The current USPTO prosecution file shows that Mr. Muller-Moore has a September 7, 2013 deadline to respond to the Managing Attorney’s latest bases for registration refusal, so we’ll know soon enough whether Muller-Moore suspends his pending application to bring a declaratory judgment action in federal district court in search of a more friendly forum or whether he tries once more at the USPTO with his newly expanded legal team.

Where do you come down on the “Eat Mor Chikin” v. “Eat More Kale” trademark dispute? And, what action would you recommend to Bo?

  • I think it’s not a legal issue, it’s an issue of what you want your brand to stand for (and how you want to spend your life). The right approach, imho, is for both sides to just walk away.

    Too much time in court, too many legal fees, too much collateral damage.

    It’s a classic Prisoner’s Dilemma, because both sides overrate the value of winning.

    • Seth, with all due respect, underdogs like Bo should be praised for NOT caving in to a trademark bully. Walking away perpetuates the problem and is why trademark bullies like Hick-fil-A are able to continue their tyrannical ways.
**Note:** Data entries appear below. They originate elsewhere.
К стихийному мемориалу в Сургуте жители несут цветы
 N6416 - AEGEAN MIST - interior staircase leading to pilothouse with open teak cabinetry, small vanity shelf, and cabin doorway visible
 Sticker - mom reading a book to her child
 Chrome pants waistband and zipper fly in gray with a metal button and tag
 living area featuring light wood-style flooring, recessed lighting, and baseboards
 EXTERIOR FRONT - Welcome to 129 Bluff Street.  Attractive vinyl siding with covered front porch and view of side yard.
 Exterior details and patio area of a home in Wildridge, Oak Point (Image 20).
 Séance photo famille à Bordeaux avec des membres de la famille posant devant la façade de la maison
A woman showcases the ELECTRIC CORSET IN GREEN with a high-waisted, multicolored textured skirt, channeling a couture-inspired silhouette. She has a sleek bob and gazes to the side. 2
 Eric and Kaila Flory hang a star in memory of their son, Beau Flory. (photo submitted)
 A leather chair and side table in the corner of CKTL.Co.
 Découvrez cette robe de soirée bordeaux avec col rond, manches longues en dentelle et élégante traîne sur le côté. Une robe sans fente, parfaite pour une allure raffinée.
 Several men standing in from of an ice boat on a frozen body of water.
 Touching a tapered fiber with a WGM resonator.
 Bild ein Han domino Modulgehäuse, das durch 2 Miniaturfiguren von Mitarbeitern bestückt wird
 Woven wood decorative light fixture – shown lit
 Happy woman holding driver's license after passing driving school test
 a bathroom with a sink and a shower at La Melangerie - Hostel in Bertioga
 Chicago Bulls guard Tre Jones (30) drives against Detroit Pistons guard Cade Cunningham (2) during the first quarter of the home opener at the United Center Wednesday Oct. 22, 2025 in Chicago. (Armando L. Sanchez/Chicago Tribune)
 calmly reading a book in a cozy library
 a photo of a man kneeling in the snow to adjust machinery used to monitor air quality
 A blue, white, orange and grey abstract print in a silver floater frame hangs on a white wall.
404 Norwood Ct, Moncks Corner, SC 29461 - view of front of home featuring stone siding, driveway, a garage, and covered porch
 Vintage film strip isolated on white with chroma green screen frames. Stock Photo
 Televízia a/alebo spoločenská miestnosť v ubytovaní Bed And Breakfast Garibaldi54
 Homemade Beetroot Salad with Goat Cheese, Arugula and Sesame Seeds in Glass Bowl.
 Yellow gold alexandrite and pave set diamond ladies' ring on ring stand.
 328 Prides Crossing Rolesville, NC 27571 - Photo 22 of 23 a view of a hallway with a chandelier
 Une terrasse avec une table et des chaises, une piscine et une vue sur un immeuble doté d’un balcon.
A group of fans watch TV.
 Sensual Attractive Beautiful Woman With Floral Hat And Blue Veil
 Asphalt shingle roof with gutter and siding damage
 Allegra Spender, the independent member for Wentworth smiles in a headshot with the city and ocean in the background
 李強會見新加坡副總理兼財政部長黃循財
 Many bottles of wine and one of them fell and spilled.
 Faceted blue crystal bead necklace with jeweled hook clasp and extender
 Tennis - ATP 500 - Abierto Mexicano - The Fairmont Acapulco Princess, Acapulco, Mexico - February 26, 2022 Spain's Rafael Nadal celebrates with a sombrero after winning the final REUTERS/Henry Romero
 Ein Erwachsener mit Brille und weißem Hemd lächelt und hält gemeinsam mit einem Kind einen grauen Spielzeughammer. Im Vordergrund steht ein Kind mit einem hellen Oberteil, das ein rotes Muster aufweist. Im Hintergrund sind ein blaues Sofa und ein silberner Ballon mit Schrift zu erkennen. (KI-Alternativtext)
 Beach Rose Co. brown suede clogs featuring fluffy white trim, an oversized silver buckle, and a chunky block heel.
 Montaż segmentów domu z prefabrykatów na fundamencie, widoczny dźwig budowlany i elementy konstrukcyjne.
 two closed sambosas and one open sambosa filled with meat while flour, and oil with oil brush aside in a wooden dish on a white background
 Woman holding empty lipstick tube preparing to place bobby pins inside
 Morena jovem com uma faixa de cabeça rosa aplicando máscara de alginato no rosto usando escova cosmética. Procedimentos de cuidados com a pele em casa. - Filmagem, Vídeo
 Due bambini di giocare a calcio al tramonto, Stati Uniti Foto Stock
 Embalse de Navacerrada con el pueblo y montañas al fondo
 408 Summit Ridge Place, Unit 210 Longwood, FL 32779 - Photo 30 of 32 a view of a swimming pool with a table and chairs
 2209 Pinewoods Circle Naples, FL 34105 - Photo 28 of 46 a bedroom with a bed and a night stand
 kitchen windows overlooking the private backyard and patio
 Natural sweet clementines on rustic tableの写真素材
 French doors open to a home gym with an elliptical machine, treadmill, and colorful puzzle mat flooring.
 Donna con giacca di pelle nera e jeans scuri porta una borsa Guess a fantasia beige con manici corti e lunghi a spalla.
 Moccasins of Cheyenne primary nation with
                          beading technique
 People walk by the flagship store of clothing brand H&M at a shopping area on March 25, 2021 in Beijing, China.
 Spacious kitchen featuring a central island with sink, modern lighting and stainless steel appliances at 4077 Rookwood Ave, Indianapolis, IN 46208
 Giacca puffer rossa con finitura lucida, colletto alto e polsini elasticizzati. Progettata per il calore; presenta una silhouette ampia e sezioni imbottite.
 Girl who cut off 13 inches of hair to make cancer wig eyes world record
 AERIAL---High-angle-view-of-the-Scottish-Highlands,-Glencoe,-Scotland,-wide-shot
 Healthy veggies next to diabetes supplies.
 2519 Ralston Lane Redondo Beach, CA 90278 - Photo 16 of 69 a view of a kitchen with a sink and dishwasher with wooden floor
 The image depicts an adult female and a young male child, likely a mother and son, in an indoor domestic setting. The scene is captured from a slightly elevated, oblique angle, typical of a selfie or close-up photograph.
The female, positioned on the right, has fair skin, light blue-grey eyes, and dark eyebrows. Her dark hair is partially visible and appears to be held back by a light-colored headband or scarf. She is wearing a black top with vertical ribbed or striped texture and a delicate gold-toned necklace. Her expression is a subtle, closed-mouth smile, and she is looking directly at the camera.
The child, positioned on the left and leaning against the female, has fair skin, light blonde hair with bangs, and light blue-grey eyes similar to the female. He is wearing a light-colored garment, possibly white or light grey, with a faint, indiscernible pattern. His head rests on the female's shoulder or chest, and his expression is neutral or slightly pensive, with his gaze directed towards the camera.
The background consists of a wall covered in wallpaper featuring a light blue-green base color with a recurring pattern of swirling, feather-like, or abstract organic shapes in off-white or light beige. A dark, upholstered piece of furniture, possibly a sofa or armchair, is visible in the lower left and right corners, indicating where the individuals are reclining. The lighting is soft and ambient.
If anyone should be walking away its Hick-fil-A’s customers. And our country’s most celebrated social leaders such as Martin Luther King, Cesar Chavez, and Susan B. Anthony certainly didn’t become so by walking away.

    • Seth, it’s also important to point out that it’s unfair to lump Hick-fil-A’s position with Bo’s. Hick-fil-A is the aggressor. Bo is simply trying (against all odds), to defend his business and intellectual property. And because he was brave enough to fight back, countless thousands of consumers are now aware of the growing problem of trademark bullies vs. small businesses. Plus, as a marketing guru you must appreciate how difficult and expensive it is to “walk away” from a brand and start over. One study I know of said it costs at least $100,000, even if you’re a small business and the new name was free. And obviously if most people fought back instead of caving in, then trademark bullies such as Hick-fil-A would be forced to abandon their lawyer-driven strategies of prospering via litigation instead of innovation. But if everyone followed your advice to walk away, the trademark bully vs. small business problem would get even worse. Do you really want more small businesses to get unfairly sued and ruined by trademark bullies? I also seriously doubt that you would walk away if your squidoo.com business was sued for trademark infringement by one of the owners of the 85 “squid” trademarks that are currently registered or pending at the U.S. Patent and Trademark Office. But since you’re so successful and well-known, it’s not likely you’ll be attacked by a trademark bully like Bo and countless other entrepreneurs are everyday.

  • stevebaird

    Seth, thanks for sharing your generous thoughts on this subject, your opinions are always welcome here.

    Walk aways are great when both sides are on the same page about what that means and with trademark disputes that typically implicates two separate legal issues, (1) the right to use and (2) the right to register. Creative settlements recognize this distinction.

    For example, if Mr. Muller-Moore took the first step and unilaterally walked away from the right to register, but wanted to maintain the status quo by continuing to use the Eat More Kale mark, that compromise would put Chick-fil-A in the difficult position of having to decide whether to rachet up the stakes and suffer the spotlight of negative publicity to actually try and stop the use in a lawsuit.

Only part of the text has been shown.